Capitolo 5
-Pronto?- rispose al cellulare, Ran.
-Ran, come va? Sei ancora sotto le coperte da quando me ne sono andata?- chiese preoccupata la sua migliore amica.
La karateka non stava ancora bene, neanche dopo la visita dell'amica che sembrava averla fatta riprendere un po'. Da quando aveva parlato con Shinichi si era chiusa in se stessa e non permetteva a niente e nessuno di disturbare la sua tristezza. Neppure Goro era riuscito a farla uscire dalla sua stanza.
-Ascolta Ran, ne abbiamo parlato oggi. Puoi innamorarti ancora. Non è stato l'ultimo-
-Ma l'unico, Sonoko- rispose ormai stanca di sentire le solite cose.
La voce a singhiozzi di Ran non era ancora cambiata di una virgola.

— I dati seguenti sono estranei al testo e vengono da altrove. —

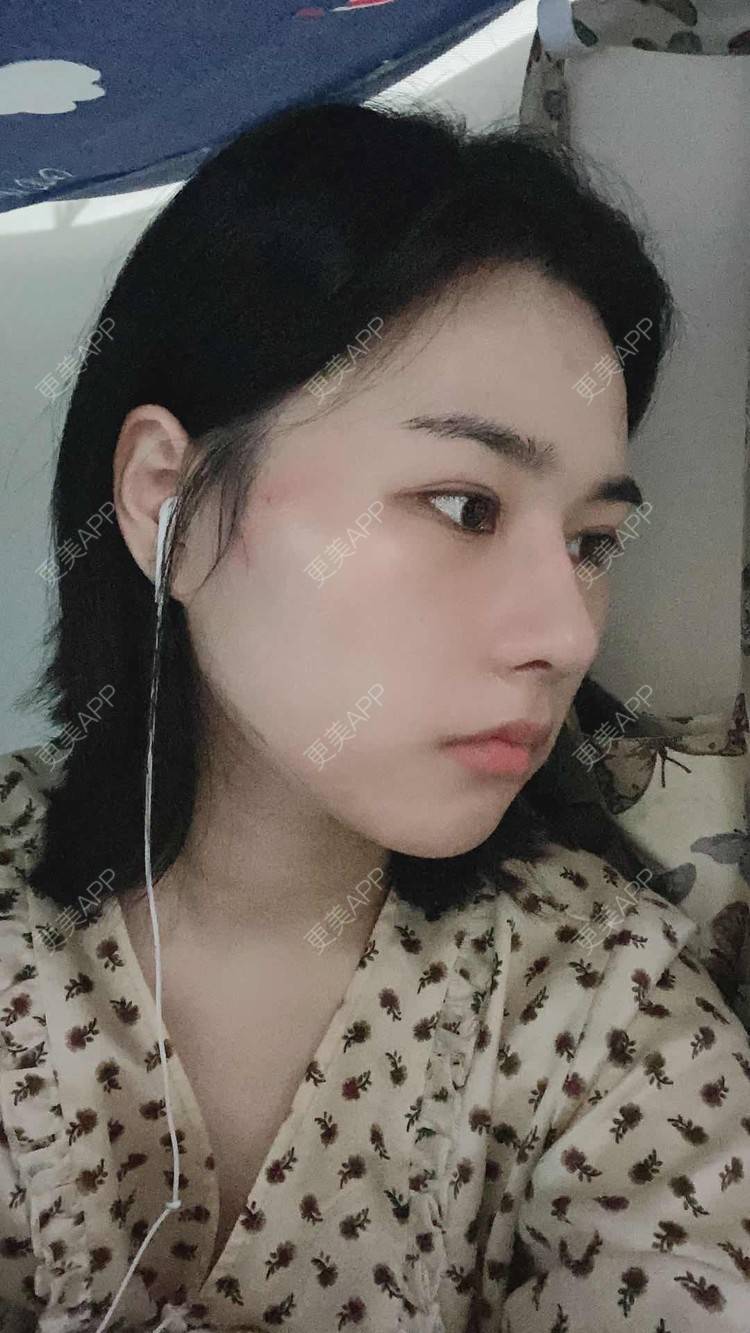 更美 - ヌ酷还可爱ˇ男的鼻部多项经验 | 鼻部多项 | 重庆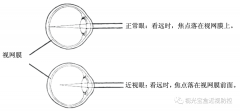 什么是近视？近视征状,近视形成,预防方法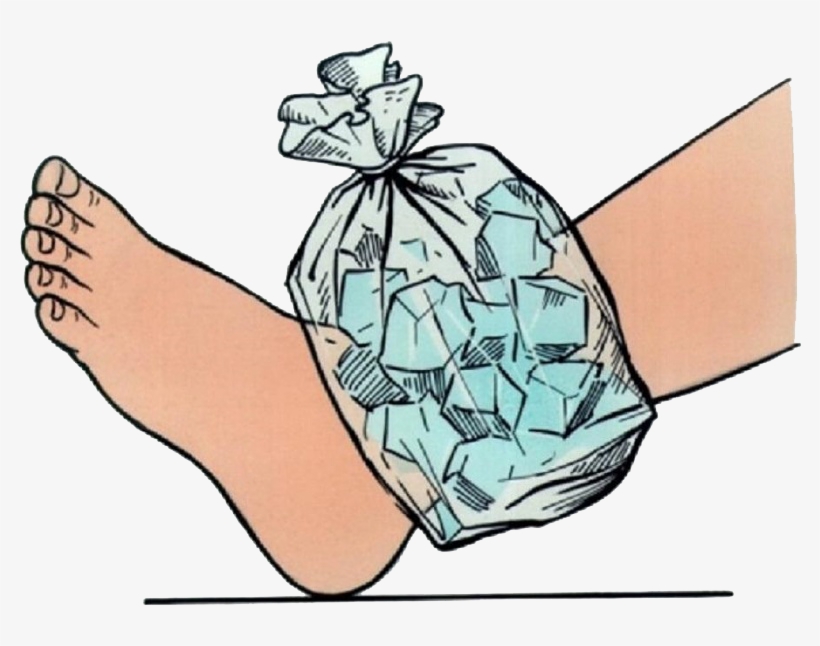 Free Library Ice Application To For - Ice On Injury Cartoon, transparent png #5591374
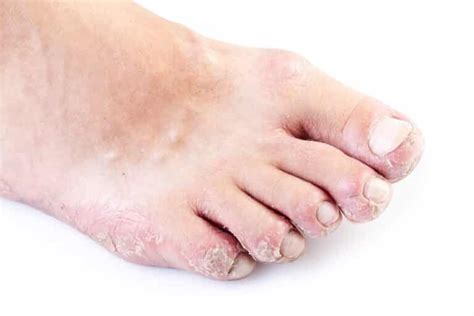 Palmoplantar Keratoderma Overview Symptoms Causes Prevention And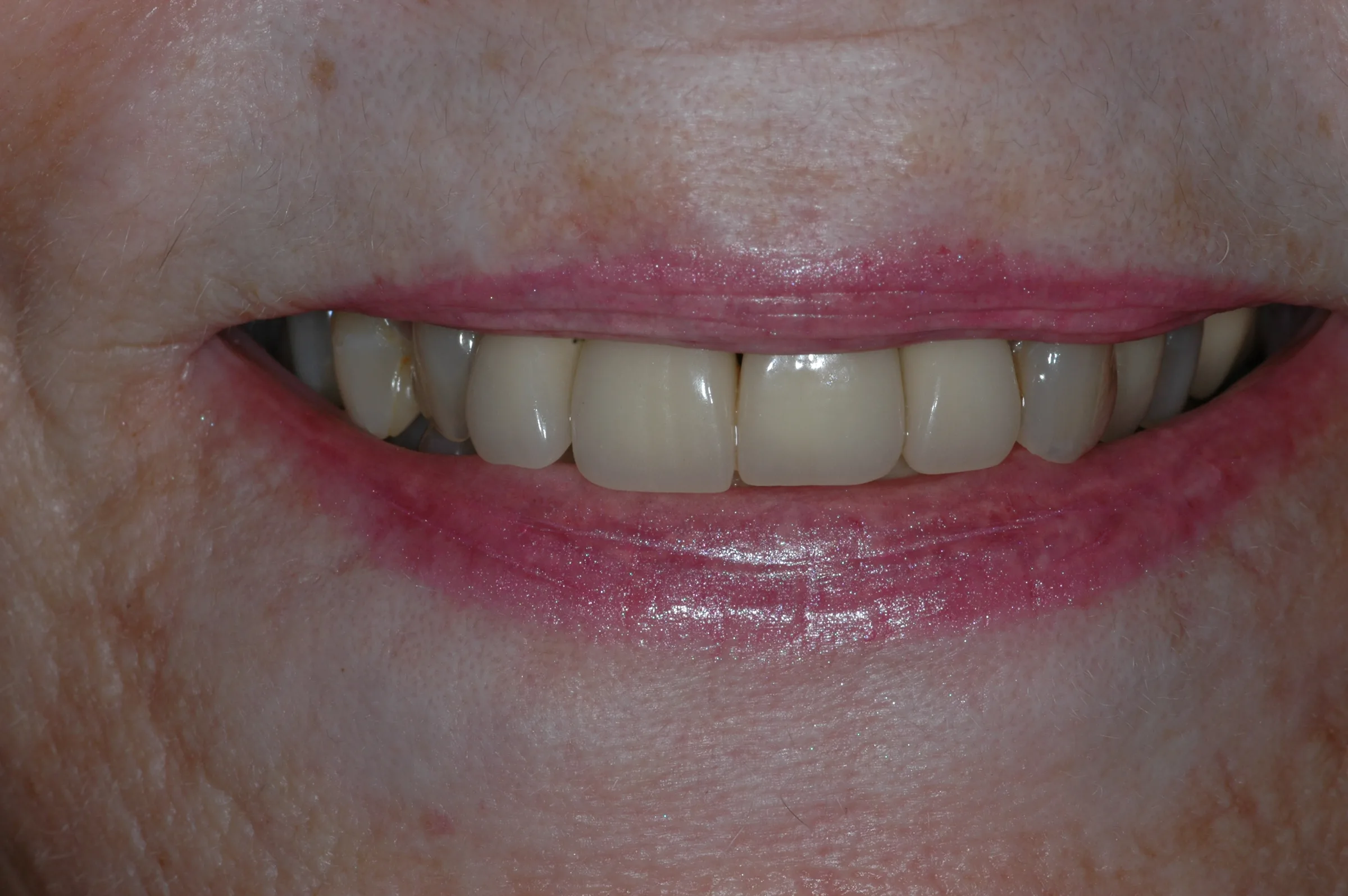 Before — Smile Makeover (multiple procedures)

-Ran, oggi parte. Prende un treno, ma non ti so dire per andare dove- la informò Sonoko, non sapendo neanche se avesse fatto la scelta giusta dicendole ciò.
-Come fai a sapere che parte?- sussultò Ran.
-Non importa questo-
Ma la spiegazione era semplice. Kogoro, vedendo la figlia in quello stato, aveva chiamato Sonoko per avere un aiuto, e proprio Sonoko gli aveva chiesto di scoprire dove fosse Shinichi. Kogoro aveva pure il cervello di una capra, però per la figlia avrebbe fatto la qualunque, anche scoprire il mistero più arduo al mondo. Infatti aveva scoperto della partenza di quel treno dalla stazione centrale di Beika.
-E perché me lo dici allora, Sonoko?- chiese Ran, che era ritornata a chiudersi in se stessa.
-Non so, magari avresti voluto vederlo un'ultima volta. Ora devo salutarti, devo uscire con i miei per una riunione di famiglia. Ciao Ran. Ti prego, non ti abbattere. Esci e prendi un po' d'aria. Okay?- la supplicò ancora.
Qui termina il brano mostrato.